What the task asks:
Below are lines of data, and only some are wanted. Please repeat exactly those from the line that has "Elisa Longo Borghini" through the line that has "CAM婴童世界创意玩具广告-意大利vincenzo celli [17P] 7.jpg".

Data provided:
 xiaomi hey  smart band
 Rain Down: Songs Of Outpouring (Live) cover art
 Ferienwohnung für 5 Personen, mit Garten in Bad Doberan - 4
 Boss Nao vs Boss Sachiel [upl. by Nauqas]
...
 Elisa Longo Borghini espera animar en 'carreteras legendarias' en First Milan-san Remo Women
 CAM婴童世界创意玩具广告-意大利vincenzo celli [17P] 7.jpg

Answer section:
 Elisa Longo Borghini espera animar en 'carreteras legendarias' en First Milan-san Remo Women
 CAM婴童世界创意玩具广告-意大利vincenzo celli [17P] 7.jpg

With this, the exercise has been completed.